日本法人である日本アルテラによると、「監視カメラ市場では、同軸インタフェースを使うSD(標準)画質のアナログカメラから、イーサネットポートを備えたHD画質のIPカメラへの移行が進んでいる。IPカメラの全世界の出荷台数は2010年から2014年の間に10倍に拡大するとみられている上、IPカメラ市場におけるビデオ監視向け製品の比率もこの間に10%から45%へと高まる見込みだ。高性能ビデオ解析に対応できる半導体ソリューションの需要は大きい」という。そこで同社はIPコアとFPGAを組み合わせた今回のソリューションで、これまでビデオ解析の用途で主に使われてきたDSPを置き換えたいともくろむ。「1080p/30fpsのフルHD映像コンテンツをリアルタイム処理できるのは、今回のIPとFPGAを組み合わせたソリューションが業界初だ。DSPでは、ここまでの性能は得られなかった」(同社)と主張する。また、FPGAを利用する手法では、ビデオ解析用IPコアの前段や後段に色調補正などのユーザー任意の画像処理機能をハードウェアとして1チップに組み込めるというメリットもあると説明する。
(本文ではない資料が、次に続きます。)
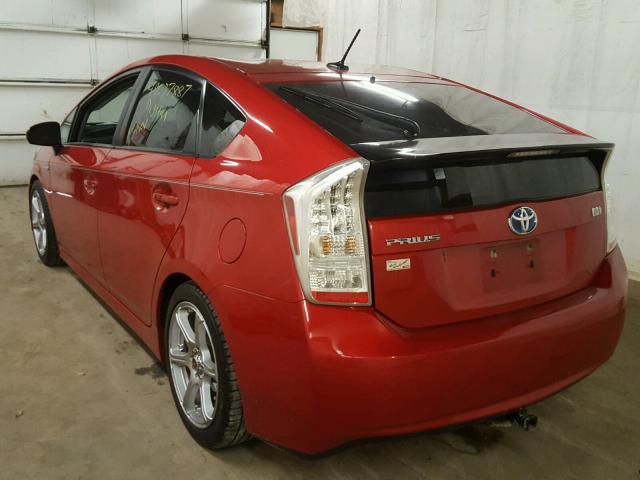 JTDKN3DU1A0174590 - 2010 TOYOTA PRIUS RED photo 3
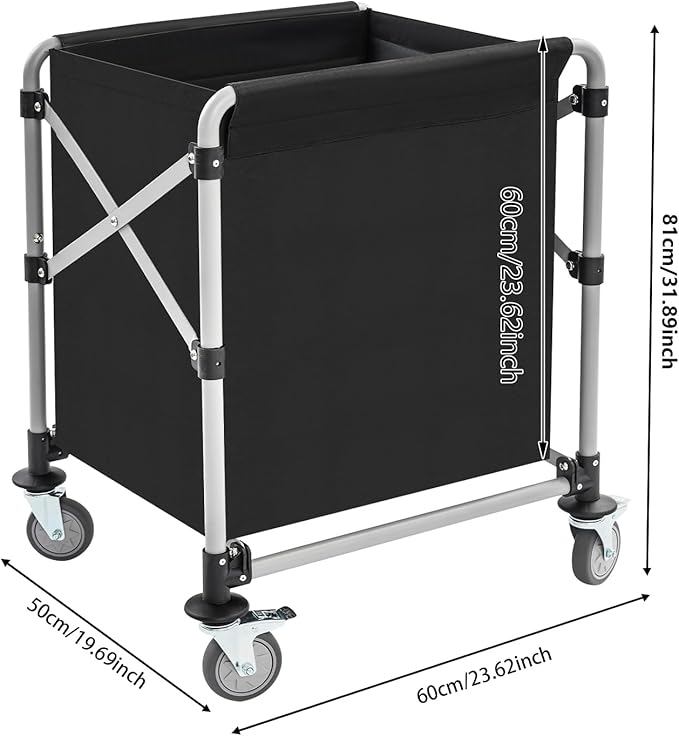 Commercial Laundry Cart with Wheels, 220lbs Capacity Foldable Rolling Laundry Hamper on Wheels, 24x20x32'' Big Laundry Basket with Removable Liner Bag for Home Hotel, Black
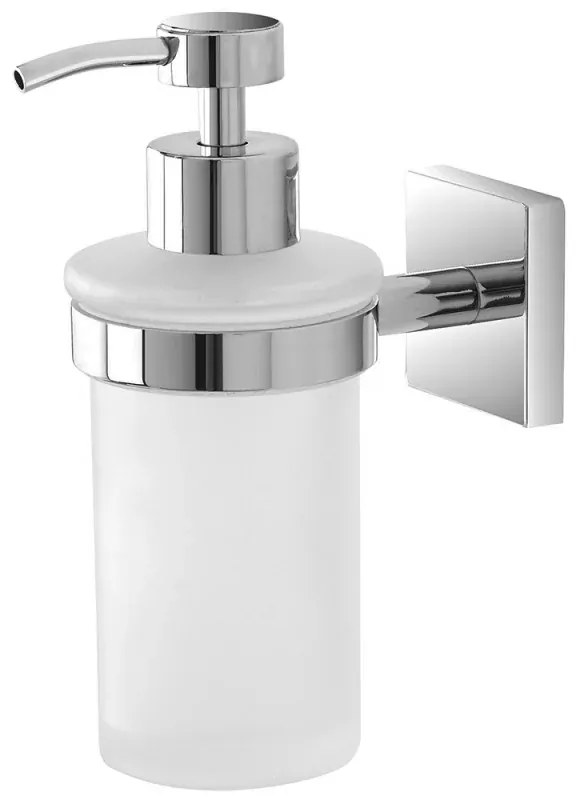 Porta dispenser sapone da muro in acciaio cromo e vetro
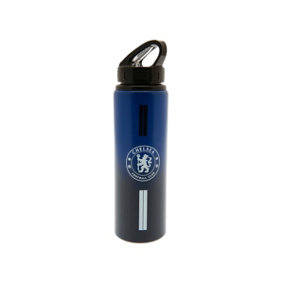 Chelsea FC Stripe Aluminium Water Bottle Royal Blue (One Size)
Alteraが今回発売したIPコア自体は、民生用や軍事用のビデオ解析用IPコアを手掛ける米国のEutecus(ユーテキスと発音する)が開発し、独自に製品化していた「MVE(Multi-Core Video Analytics Engine)」だ。国内では日本アルテラが、このIPコアとCyclone IV、さらに解析ルールの設定用ツールをまとめてユーザーに提供する。ユーザーは日本アルテラからこれら一式を購入する形になるので、Eutecusと個別にIPコアのライセンス契約などを結ぶ必要は無い。「ユーザーがASSP(特定用途向け汎用チップ)のような形態で利用できるように工夫した。開発(NRE:Non-Reoccurring Engineering)コストやライセンス料は不要だ」(日本アルテラ)。ユーザーは、このIPコアを実装するFPGAの個数に応じたロイヤルティーを負担すればよい。「コストを重視するアプリケーションに理想的な形態だ」(同社)。ただし具体的な価格体系については明らかにしていない。
Cyclone IVファミリのうち、今回のソリューションに利用できる品種は、ロジックエレメント数が約75万個と比較的大きい品種かそれ以上の規模の品種である。実際には日本アルテラは、FPGAとIPコア、設定用ツールの他に、IPコアの使用個数を同社側で管理するためのセキュリティチップ(実態は小型のCPLDチップ)も併せてユーザーに供給する。ユーザーはこれをボード上でFPGAに接続する必要がある。そうしなければ、IPコアが機能しないという仕組みだ。
ビデオ解析の条件を設定するソフトウェアについては、ユーザー自身で記述する必要は無い。上記の設定用ツールを使って、PC上のグラフィカルな環境で、直感的な操作で解析対象のオブジェクトや事象を設定することが可能だ。このツールもEutecusが開発したものである。オブジェクトの種類や動き、位置、色などの条件を、複数掛け合わせて警告信号を生成することができる。Cyclone IVを用いる今回のソリューションでは、最大9個の条件を掛け合わせられるという。「DSPを使うこれまでの実装手法では、性能の制約から2〜3個の条件しか掛け合わせられなかった」(日本アルテラ)。